Sunday, November 27, 2011

ALTA Conference in Kansas City

A few weeks ago Jessica, Logan, and I packed the car up and drove 13 hours from Detroit down to Kansas City to attend the conference of the American Literary Translators Association. This is definitely my favorite conference and it was great to see some of our old friends and to meet new ones too.

While at the conference I recorded a few brief videos with several of the attendees and will be sharing them on this blog over the course of the next few weeks.

Usually when I go to the ALTA conference the highlight for me is attending the bilingual readings organized by Alexis Levitin, and this year was no different. My favorite session was the Germanic languages reading, particularly Emily Banwell's translation of a novel excerpt by Rayk Wieland and Roger Greenwald's hilarious reading of his translation of poems by Niels Frank. I would definitely recommend picking up Roger's translation from Book Thug.

An odd moment occurred when Open Letter Books publisher Chad Post and I were grabbing an early coffee before one of the sessions ended. A group of electricians (from another conference) walked by the coffee and treats table and, after noticing a sign mentioning that the snacks were for the ALTA conference, one man said "literary translators" in a disdainful tone one might use when referring to a group of people as "assholes!"

Not sure what that was all about.  

Friday, November 25, 2011

Absinthe #16: Ilse Kilic

Whether or not you would have wanted to read this piece for an event such as the “Night of Bad Texts” is another question altogether.  Rather not, you say, for, what kind of reason could there possibly be to read a text aloud that you find bad, for you would no doubt be inclined to say with a wink of an eye that it's actually good, the text, namely either bad in a good way, or good in a bad way.
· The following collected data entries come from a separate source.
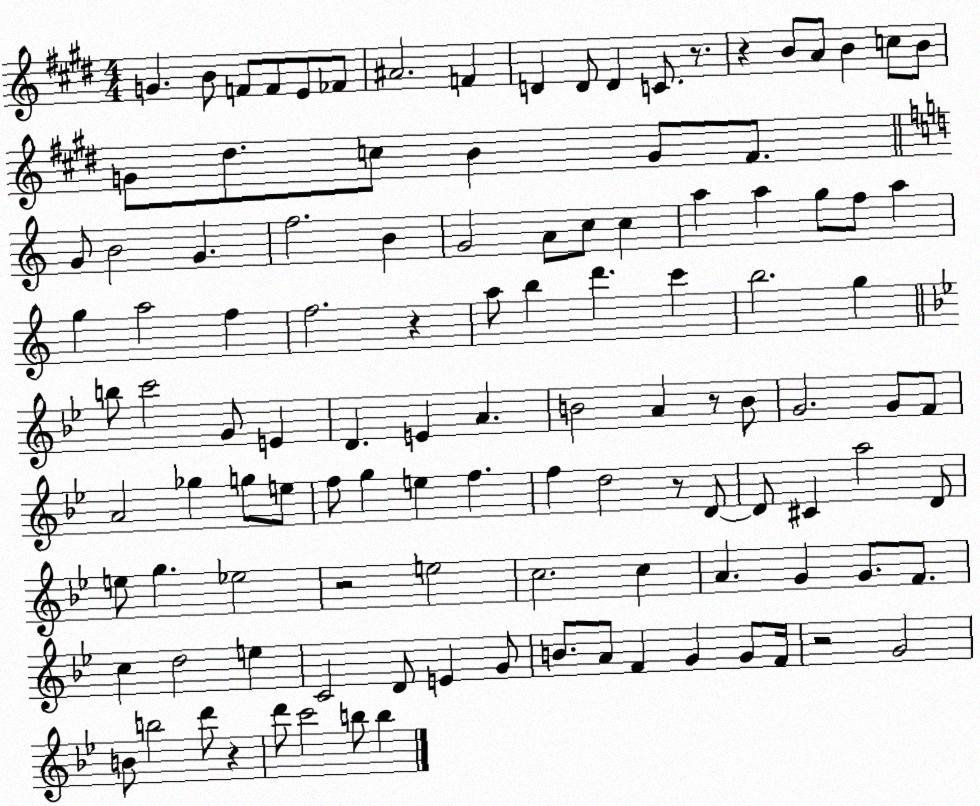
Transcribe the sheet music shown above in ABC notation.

X:1
T:Untitled
M:4/4
L:1/4
K:E
G B/2 F/2 F/2 E/2 _F/2 ^A2 F D D/2 D C/2 z/2 z B/2 A/2 B c/2 B/2 G/2 ^d/2 c/2 B G/2 ^F/2 G/2 B2 G f2 B G2 A/2 c/2 c a a g/2 f/2 a g a2 f f2 z a/2 b d' c' b2 g b/2 c'2 G/2 E D E A B2 A z/2 B/2 G2 G/2 F/2 A2 _g g/2 e/2 f/2 g e f f d2 z/2 D/2 D/2 ^C a2 D/2 e/2 g _e2 z2 e2 c2 c A G G/2 F/2 c d2 e C2 D/2 E G/2 B/2 A/2 F G G/2 F/4 z2 G2 B/2 b2 d'/2 z d'/2 c'2 b/2 b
from "Mo", a story by Ilse Kilic in Absinthe#16

Wednesday, November 23, 2011

Absinthe #16: Line-Maria Lang

"It wasn’t me.  It was mostly the chicken.  The chicken was always pushing.  The rabbit was the one who went along with the worst; right up until it had second thoughts.  It was the one who ruined everything sometimes.  But it was the cow who exposed us.  It was the cow who just couldn’t keep its mouth shut, who was the schemer, who gossiped about me to the others and about the others to me.  The ape was the humorous one, the one who could always get me laughing afterwards.  The horse was my friend.  They sat on my right hand.  The chicken on my thumb, the rabbit on my index finger, the cow on my middle finger, the ape on my ring finger, and the horse upon my pinky."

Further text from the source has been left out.